LuaSrcDiet


Introduction

LuaSrcDiet reduces the size of Lua 5.1.x source files by aggressively removing all unnecessary whitespace and comments, optimizing constant tokens, and renaming local variables to shorter names. See below for sample output. The 5.1.x version is being actively worked on, while the older 5.0.x version is unmaintained. The older 5.0.x version cannot optimize constant tokens or rename local variable names. The 5.1.x version should not be considered completely error-free, but currently it can reprocess its own source files without errors.

LuaSrcDiet is broadly similar to Luiz's lstrip for Lua 5.1, which can be found on Luiz's Libraries and tools for Lua page. Both work on tokens; LuaSrcDiet's modified lexer and parser allows most optimization options to be enabled or disabled separately, while lstrip cannot optimize constant tokens or rename local variable names. LuaSrcDiet squeezes its own (heavily commented) sources from 121KB down to 28KB. Further compression (bzip2 or lzma) brings the size down to under 10KB, representing a 12X reduction in size.

Squeezing the sources and renaming locals can be used as a weak form of obfuscation. However, note that the structure and arrangement of the source code stays exactly the same, so do not depend on such a weak form of obfuscation if you really needed heavy-duty obfuscation.

For now, LuaSrcDiet has only optimization options that do not require user assistance. There are many optimizations that can be performed when there is user assistance, but user assistance requires more code to maintain and keep consistent. If such user-assisted optimizations are needed, it is easy to take advantage of the modular nature of LuaSrcDiet to, say, reuse the lexer to scan and replace special constants.

See below for more information, statistics and a discussion on the performance of LuaSrcDiet.

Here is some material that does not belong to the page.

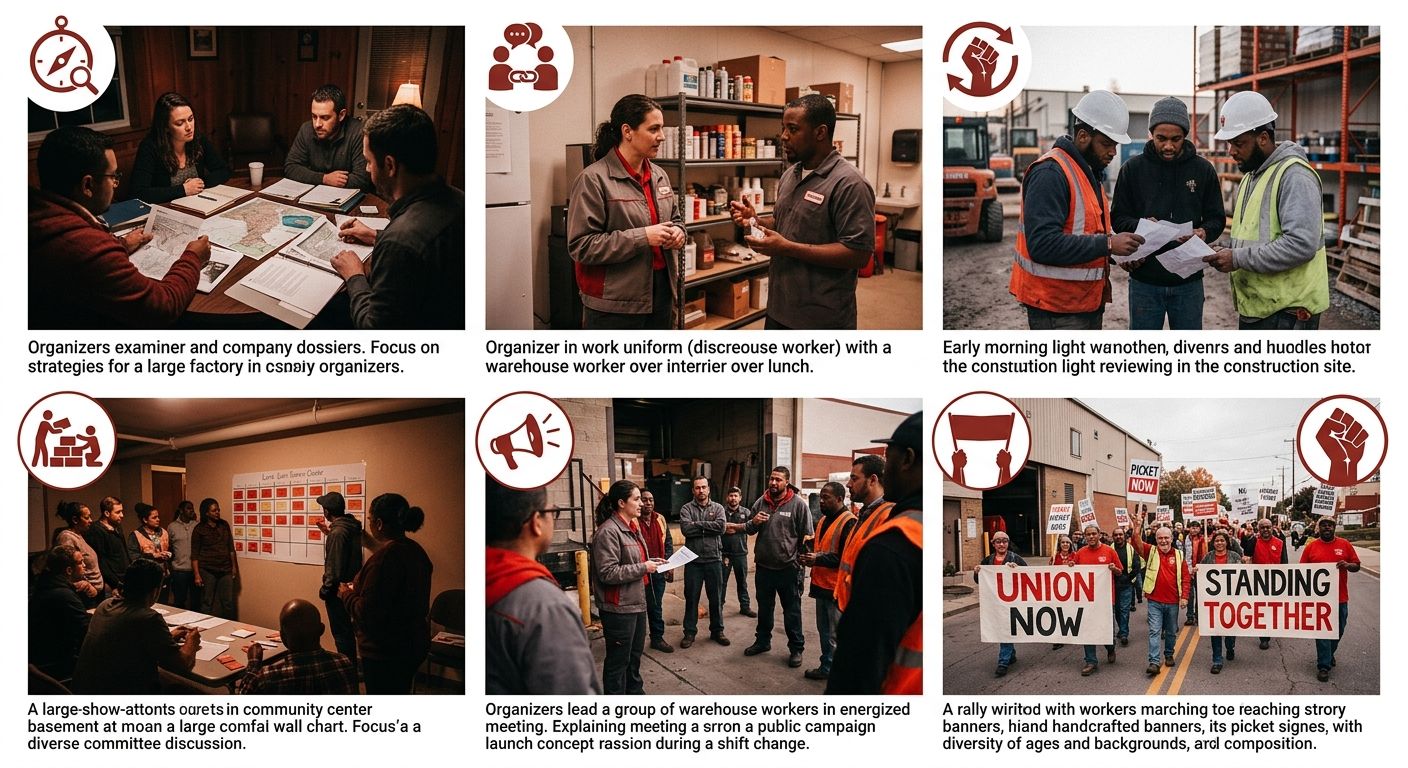 A step-by-step visual guide showing six phases of a union salting campaign, from target selection through committee building to going public, with icons representing each phase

Frequently Asked Questions

[New, 20090606] Uh, not really, this is just some information for clarification purposes. Owing to the use of LuaSrcDiet among WoW add-ons, I've added the following so that users of LuaSrcDiet can get a better picture of this author's intentions.



Features

LuaSrcDiet features include the following:

List of optimizations:

If comment removal is disabled, LuaSrcDiet only removes trailing whitespace. LuaSrcDiet does not remove trailing whitespace in long strings, electing to generate a warning instead. If empty line removal is disabled, LuaSrcDiet keeps all significant code on the same lines (this has not been extensively tested.) Thus, a user is able to debug using the original sources since the line numbering is unchanged.

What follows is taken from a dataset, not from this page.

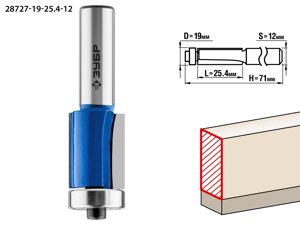ЗУБР 19 x 25.4 мм, хвостовик 12 мм, фреза кромочная с нижним подшипником, Профессионал (28727-19-25.4-12)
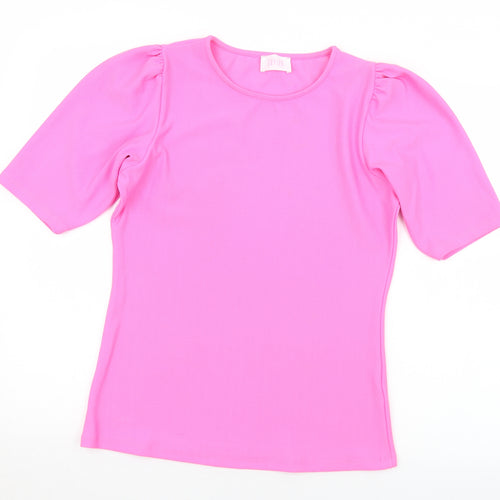 Savida Womens Pink  Polyester Jersey T-Shirt Size S Round Neck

String optimization deals mainly with optimizing escape sequences, but delimiters can be switched between single quotes and double quotes if the source size of the string can be reduced. For long strings and long comments, LuaSrcDiet also tries to reduce the '=' separators in the delimiters if possible. For number optimization, LuaSrcDiet saves space by trying to generate the shortest possible sequence, and in the process it does not produce 'proper' scientific notation (e.g. 1.23e5) but does away with the decimal point (e.g. 123e3) instead.

The local variable name optimizer uses a full parser of Lua 5.1 source code, thus it can rename all local variables, including upvalues and function parameters. It should handle the implicit "self" parameter gracefully. In addition, local variable names are renamed into the shortest possible names, starting with 'e', following English frequent letter usage. Variable names are also reused whenever possible, reducing the number of unique variable names. For example, in LuaSrcDiet.lua (version 0.11.0), 683 local identifiers representing 88 unique names were optimized into 32 unique names, all which are one character in length, saving over 2600 bytes.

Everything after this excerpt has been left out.